Después de recoger mi equipaje y salir del aeropuerto tomé un taxi. Recité la dirección de memoria y me sorprendió recordarla todavía. El taxista frunció el ceño y me espetó un incrédulo - “¿Está segura?” “Sí, lo estoy” - aunque cuando encendió el motor una duda asomó en mis ojos.  Aparté mi mente de mi destino y me dediqué a pensar en aquello que había dejado atrás momentáneamente. Ya lo echaba de menos y estaba segura de que la sensación iba a ir en aumento.

Cuando entramos en el pueblo no pude dilatar más el reencuentro y miré por la ventana. Se me heló el corazón ante tal espectáculo. Había coches abandonados, con las ventanas rotas y las puertas abiertas, aparcados de cualquier manera en cada calle. Las aceras llenas de basura, los escaparates rotos y vacíos y los edificios en ruinas me hicieron volver a otra época. Cuando llegamos a la dirección el taxista, atemorizado, no quiso bajar del coche y aceleró tan pronto le di el dinero. El sonido del motor se perdió calle abajo y todo quedó sumido en el más espeso de los silencios.
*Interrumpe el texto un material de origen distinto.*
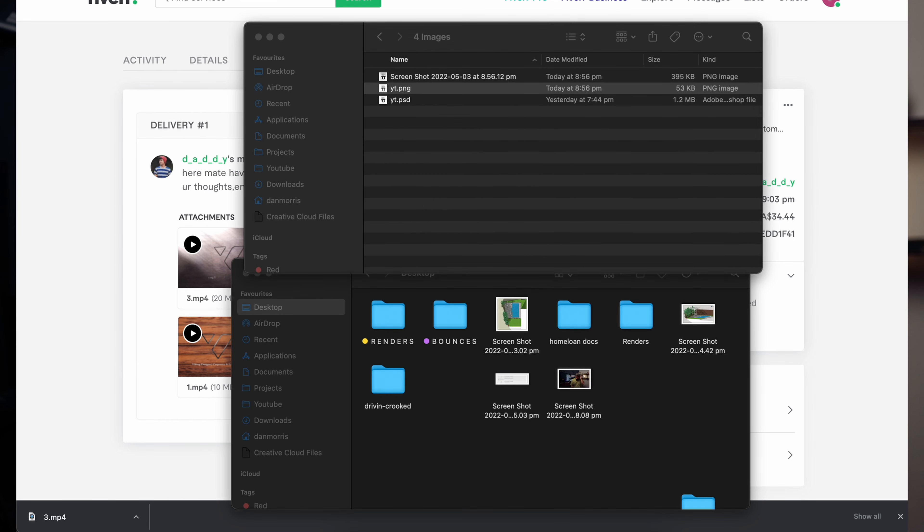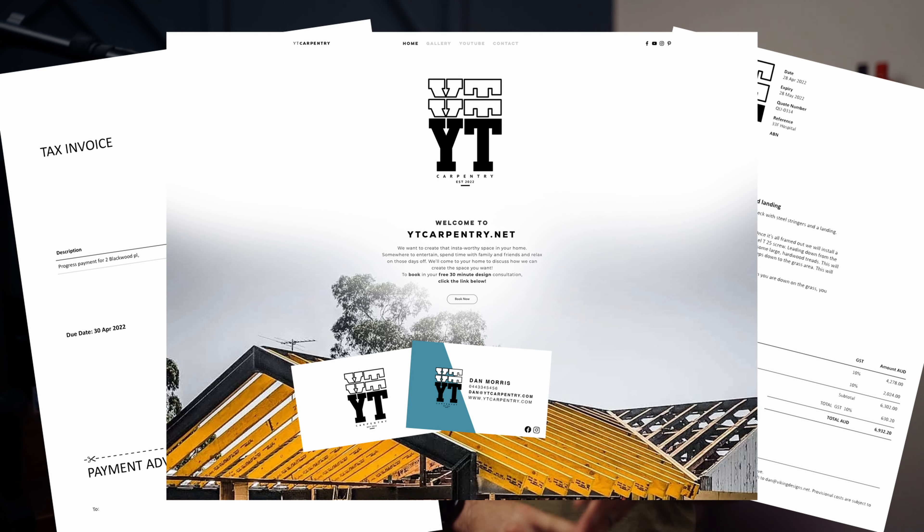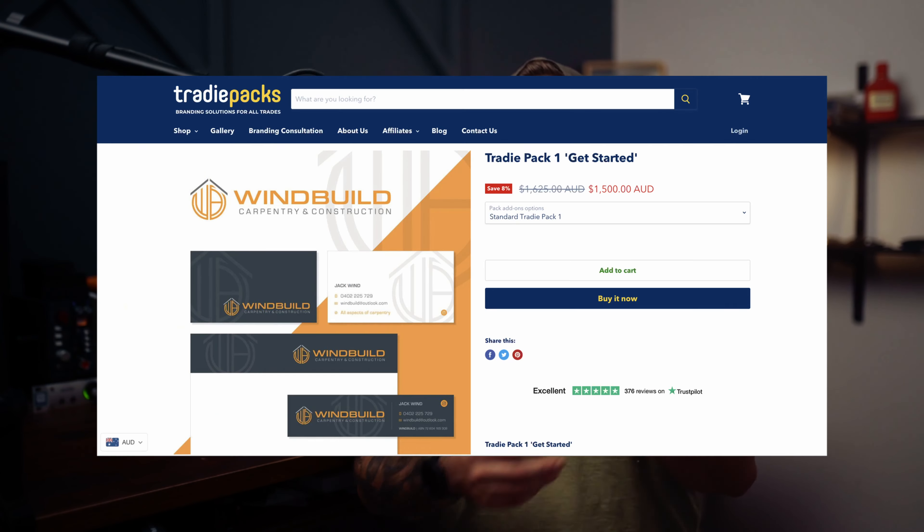Once you have your logo, put it everywhere — invoices, quotes, websites, business cards, your vehicle, stickers on your tools, shirts, hoodies, beanies. This is you projecting yourself out into the world, so the logo really dictates your whole image. You can Google 'tradie starter packs' or 'business card packs' — there are plenty of local print companies that will handle your logo, sign writing, stickers, and apparel all in one place.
Al subir a casa, dejé la maleta donde antes había habido una pequeña cocina. Casi no pude contener las lágrimas al encontrar todo lo que me había rodeado durante tanto tiempo destrozado. El polvo se amontonaba en los rincones y el suelo se me aparecía lleno de cojines hechos jirones, libros arrancados de sus estanterías y pedazos de lo que antaño fue un precioso juego de té azul y blanco con el que solía jugar a escondidas cuando era pequeña.

Fue fácil dejar atrás aquella casa, puesto que no se parecía en nada a lo que yo recordaba, y emprender el camino hacia el puerto, en el que tantas veces me había sentado a admirar el mar que había considerado mío. Al llegar allí, el paisaje me resultó menos desolador que el resto del pueblo. Todo parecía en calma y pensé que era lo único que no había cambiado tanto.

Me senté en las rocas, como había hecho tantas veces antes, y recordé los años pasados allí, con esas rocas, esa arena, ese mar. Lloré durante horas, no recuerdo cuantas,  y por fin me di cuenta de que aquello siempre había sido así, y lo único que había cambiado era mi visión de las cosas.